Alencar was born in 1931, the eleventh child in a poor family that had 15 children (five of them did not live to be adults). At the age of 7 he began helping his father in a kind of general store that sold goods to farmers for payment when the harvest came in, if it came in.
Alencar left home at age 14 to work behind a counter in a store that sold cloth. He also worked as a salesman in other stores. At the age of 18, in 1950, he got a loan from an older brother and opened a store where he sold cloth, footwear, hats and umbrellas. To save money, he lived in the store.
In 1953, he sold the store and moved on into different commercial areas. He certainly had a head for business, was prudent with his money and hard working (he was named best salesman in many of the places he worked). And he worked in many places over the years, always a person who knew how to do business and do it well.
Together with a group of business partners he founded a textile company in Montes Claros, Minas Gerais, in 1967, the Coteminas firm. Today it is Brazil’s biggest textile company with 16,000 employees in ten plants.
Coteminas makes thread, cloth, fabric, T-shirts, socks, towels, bathrobes and sheets. The company also has five branches in the US, one in Argentina and another one in Mexico
Alencar was prominent in trade associations. He was president of the Minas Gerais Industrial Federation and vice president of the National Industrial Confederation (CNI).

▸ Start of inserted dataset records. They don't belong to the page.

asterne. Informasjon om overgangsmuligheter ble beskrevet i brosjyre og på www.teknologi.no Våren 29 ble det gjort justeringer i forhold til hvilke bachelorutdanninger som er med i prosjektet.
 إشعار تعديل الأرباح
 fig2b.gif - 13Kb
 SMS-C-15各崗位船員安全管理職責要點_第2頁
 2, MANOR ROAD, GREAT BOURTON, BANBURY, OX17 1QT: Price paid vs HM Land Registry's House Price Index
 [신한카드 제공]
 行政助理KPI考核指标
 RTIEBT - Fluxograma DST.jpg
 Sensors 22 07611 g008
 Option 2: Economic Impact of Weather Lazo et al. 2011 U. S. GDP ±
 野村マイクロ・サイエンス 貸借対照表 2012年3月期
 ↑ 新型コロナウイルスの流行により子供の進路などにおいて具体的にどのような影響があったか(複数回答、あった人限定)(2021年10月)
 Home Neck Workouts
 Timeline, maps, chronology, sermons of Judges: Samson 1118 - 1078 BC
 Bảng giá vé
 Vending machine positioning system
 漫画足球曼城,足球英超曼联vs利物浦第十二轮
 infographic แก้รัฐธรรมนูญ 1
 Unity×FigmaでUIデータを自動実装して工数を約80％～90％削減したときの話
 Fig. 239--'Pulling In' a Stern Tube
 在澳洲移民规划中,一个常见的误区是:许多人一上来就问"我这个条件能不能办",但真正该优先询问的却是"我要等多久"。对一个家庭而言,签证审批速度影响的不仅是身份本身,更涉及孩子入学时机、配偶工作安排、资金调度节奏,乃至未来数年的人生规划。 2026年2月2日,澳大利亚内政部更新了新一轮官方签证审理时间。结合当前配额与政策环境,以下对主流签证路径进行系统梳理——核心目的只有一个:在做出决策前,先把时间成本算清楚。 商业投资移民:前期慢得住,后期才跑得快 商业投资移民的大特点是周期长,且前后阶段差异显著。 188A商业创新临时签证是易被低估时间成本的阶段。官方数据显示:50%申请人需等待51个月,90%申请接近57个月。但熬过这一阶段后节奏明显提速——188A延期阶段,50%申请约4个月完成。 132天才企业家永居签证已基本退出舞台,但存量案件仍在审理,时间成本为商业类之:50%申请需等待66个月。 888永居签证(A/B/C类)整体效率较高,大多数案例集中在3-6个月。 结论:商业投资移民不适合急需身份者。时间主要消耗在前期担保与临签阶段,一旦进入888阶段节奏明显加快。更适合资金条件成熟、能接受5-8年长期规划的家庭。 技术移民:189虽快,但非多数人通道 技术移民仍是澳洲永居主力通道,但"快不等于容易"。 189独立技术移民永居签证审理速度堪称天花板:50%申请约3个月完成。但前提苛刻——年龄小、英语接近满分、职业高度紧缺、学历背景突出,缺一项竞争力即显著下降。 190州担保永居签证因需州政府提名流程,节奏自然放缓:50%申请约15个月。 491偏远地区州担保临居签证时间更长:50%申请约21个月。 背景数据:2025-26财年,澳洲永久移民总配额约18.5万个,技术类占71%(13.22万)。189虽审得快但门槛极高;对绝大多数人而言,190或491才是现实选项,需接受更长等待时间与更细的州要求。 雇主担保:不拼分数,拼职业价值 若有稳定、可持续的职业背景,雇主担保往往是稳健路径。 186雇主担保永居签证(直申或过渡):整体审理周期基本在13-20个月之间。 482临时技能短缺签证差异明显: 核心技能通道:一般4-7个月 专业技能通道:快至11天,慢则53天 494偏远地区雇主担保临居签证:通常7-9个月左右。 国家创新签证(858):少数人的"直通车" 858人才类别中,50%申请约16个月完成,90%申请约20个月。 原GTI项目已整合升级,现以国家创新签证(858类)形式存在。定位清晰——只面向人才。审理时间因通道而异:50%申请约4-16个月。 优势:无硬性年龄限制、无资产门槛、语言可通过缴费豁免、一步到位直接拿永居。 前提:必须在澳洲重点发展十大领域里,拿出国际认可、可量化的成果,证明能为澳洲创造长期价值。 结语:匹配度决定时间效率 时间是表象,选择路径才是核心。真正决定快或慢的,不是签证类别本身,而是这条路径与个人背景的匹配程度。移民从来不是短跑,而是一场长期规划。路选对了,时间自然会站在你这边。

He went into politics. He ran for governor of Minas Gerais in 1994, but lost the election. In 1998 he was elected senator (PMDB) from Minas with 3 million votes.
Luiz Inácio Lula da Silva needed someone to calm the business community when he ran for president for the fourth time in 2002. Alencar got the nod; he was in a pro-business party, the PL, at the time.
Alencar and the president he served came from opposite sides of the political spectrum. Lula was a labor union leader, Alencar joked that he also had experience in labor negotiations – representing the management.
In spite of the differences, the former lathe operator and the self-made millionaire businessman worked well together. Alencar, ever the businessman, good-naturedly complained constantly about the country’s high interest rates (the highest real rates in the world during most of the Lula era).
For the last 13 years, Alencar fought cancer. In 1997, he was operated on for tumors in a kidney and his stomach. Since then, another 16 operations in Brazil and the United States. Through it all he showed fortitude and optimism.
He is survived by his wife, Mariza, three children, Josué Christiano, Maria da Graça and Patricia, and five grandchildren.